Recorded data

************

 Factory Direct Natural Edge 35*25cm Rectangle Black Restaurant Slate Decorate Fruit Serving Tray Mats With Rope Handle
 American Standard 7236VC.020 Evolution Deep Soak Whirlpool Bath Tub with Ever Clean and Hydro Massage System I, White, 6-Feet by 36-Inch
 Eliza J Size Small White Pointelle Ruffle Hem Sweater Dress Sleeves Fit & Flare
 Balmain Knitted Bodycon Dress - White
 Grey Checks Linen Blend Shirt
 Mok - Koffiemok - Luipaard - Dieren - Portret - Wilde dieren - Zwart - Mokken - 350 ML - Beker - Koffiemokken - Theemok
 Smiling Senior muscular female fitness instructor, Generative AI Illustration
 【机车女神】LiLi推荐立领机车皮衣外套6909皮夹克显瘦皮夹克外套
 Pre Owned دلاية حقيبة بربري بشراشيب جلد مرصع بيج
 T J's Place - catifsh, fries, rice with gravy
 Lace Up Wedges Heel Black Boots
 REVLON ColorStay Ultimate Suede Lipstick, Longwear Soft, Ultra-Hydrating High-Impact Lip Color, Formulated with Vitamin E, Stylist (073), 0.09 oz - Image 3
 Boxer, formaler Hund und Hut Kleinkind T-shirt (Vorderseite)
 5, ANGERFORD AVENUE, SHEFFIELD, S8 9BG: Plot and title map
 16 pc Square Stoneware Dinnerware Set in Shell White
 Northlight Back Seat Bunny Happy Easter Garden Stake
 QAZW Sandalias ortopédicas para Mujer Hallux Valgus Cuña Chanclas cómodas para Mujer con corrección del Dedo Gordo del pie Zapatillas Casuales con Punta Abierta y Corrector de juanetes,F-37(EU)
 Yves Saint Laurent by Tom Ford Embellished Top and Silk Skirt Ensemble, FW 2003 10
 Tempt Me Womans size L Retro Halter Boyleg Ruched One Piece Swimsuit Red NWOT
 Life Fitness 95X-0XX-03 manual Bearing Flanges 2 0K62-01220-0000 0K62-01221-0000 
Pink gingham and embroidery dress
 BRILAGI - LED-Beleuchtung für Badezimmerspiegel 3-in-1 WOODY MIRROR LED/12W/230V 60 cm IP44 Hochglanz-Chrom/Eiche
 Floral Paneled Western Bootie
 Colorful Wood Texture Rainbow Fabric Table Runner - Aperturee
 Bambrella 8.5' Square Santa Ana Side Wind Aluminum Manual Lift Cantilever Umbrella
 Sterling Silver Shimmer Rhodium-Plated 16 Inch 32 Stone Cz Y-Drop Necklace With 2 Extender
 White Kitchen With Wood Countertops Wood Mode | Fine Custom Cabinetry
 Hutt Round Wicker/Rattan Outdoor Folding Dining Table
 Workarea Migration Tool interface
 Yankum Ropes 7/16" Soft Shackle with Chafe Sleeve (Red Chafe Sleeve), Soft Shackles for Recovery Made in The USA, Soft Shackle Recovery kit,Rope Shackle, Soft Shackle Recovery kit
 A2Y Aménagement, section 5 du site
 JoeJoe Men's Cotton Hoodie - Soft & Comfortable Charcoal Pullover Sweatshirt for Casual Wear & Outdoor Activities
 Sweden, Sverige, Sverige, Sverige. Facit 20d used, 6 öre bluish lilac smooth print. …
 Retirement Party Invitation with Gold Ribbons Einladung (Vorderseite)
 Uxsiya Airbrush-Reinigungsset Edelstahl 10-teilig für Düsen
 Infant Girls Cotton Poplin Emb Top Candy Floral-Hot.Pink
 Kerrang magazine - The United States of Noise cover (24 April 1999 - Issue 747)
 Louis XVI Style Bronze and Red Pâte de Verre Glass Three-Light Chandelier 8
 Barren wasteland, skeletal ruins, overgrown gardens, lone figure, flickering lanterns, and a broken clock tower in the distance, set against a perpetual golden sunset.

************

▸ WHAT YOU HAVE TO DO:
Output the line containing "Retirement Party Invitation" together with all later lines of the entries, exactly as written, through the final line.

▸ REPLY:
 Retirement Party Invitation with Gold Ribbons Einladung (Vorderseite)
 Uxsiya Airbrush-Reinigungsset Edelstahl 10-teilig für Düsen
 Infant Girls Cotton Poplin Emb Top Candy Floral-Hot.Pink
 Kerrang magazine - The United States of Noise cover (24 April 1999 - Issue 747)
 Louis XVI Style Bronze and Red Pâte de Verre Glass Three-Light Chandelier 8
 Barren wasteland, skeletal ruins, overgrown gardens, lone figure, flickering lanterns, and a broken clock tower in the distance, set against a perpetual golden sunset.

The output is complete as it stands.